The cruiser bars are narrower at the join to the neck than the stock bars, but I keep all my old tubes because you never know when you will need some scrap rubber for patches, spacers, etc. Cut out two strips, wrap them around the bars held in place with a small piece of electrical tape, and on the display went. It actually looks like it bounces around less, making me think the rubber is absorbing some of the vibration.
The hose for the rear brake is right at it's limit of length, I figure this spring I'll replace it with a new one three or four inches longer, but for now that's fine. I was quite pleased that they gave me as much slack on the wiring and hoses as they did, as most e-bikes I've looked at have no slack even on short-bars.
So that's my beast in it's current configuration. It's a shame Aventon's support is nonexistant as despite it being a "Cheap" (according to some people here) bike with "cheap" parts, it's a really good starting point and would be a complete bargain if they just stood behind their products. I'd actually be singing its praises and making fun of bikes twice its cost, if they just got off their tuchas and answered support tickets.
I can forgive things like hydraulic brakes not working after shipping, or a simple chain screwup... but you take the little issues that should be easily resolved and pair it with little to no legitimate support, and it mars what could otherwise be a great product.
Though such "great support" isn't worth an extra two grand for basically the same or even an inferior bike. That's why I have such problems with the rich asshats bragging about owning half-dozen four-thousand dollar bikes to a cripple saving up two years worth of disability and side-jobs they shouldn't be doing just to get one.
I swear, the effete elitist "rich man's sport" attitude wears thin REALLY quick.
Something only further exacerbated by the "oh just bring it to your local LBS" as if the ONE remaining one in town is trustworthy, as if I'm able to transport the bike the 20-50 miles to neighboring ones as if they're any better, as if I'm magically not qualified to actually fix things if I just get the parts, etc, etc...
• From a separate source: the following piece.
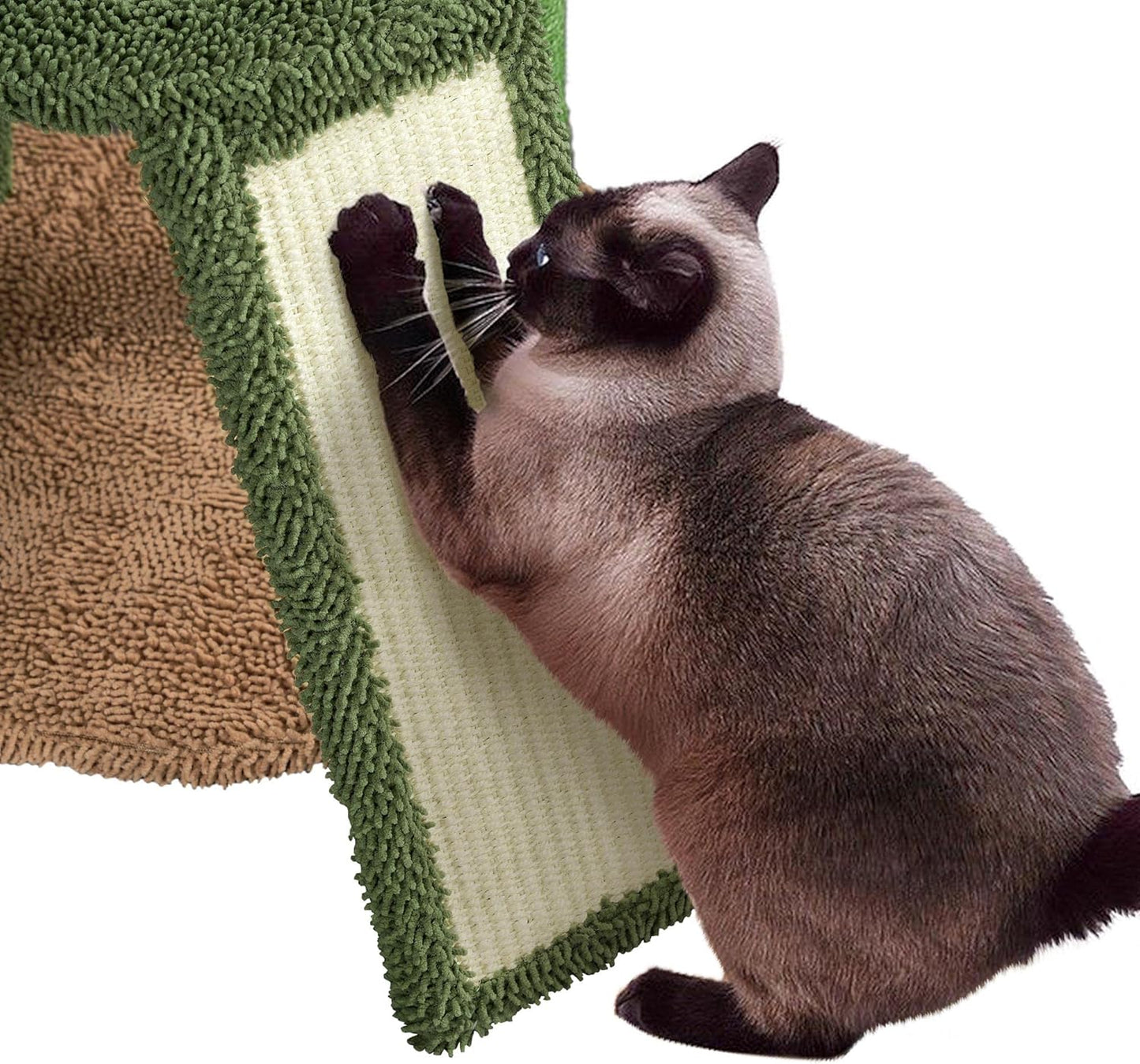 42″ H Cactus Cat Tree,Cute Cat Tower w/Scratching Posts,Indoor Cats Furniture Pet Activity Center Play House w/Platform/Condo/Basket&Hanging Ball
Though that's not fair to the local shop. Good people, try to be helpful, but half the time I go in there it's like we're talking two different languages. For example I ask for a rear-rack for a fat bike, the owner starts showing me racks for mounting bicycles on pickup tailgates. I ask the woman behind the counter to hand me four SRAM 8 speed master links, she has to go get the tech from out back to make sure the ones I'm pointing at are "correct", and then hands me just two of them.
I miss the other two shops that went under and/or moved out of town.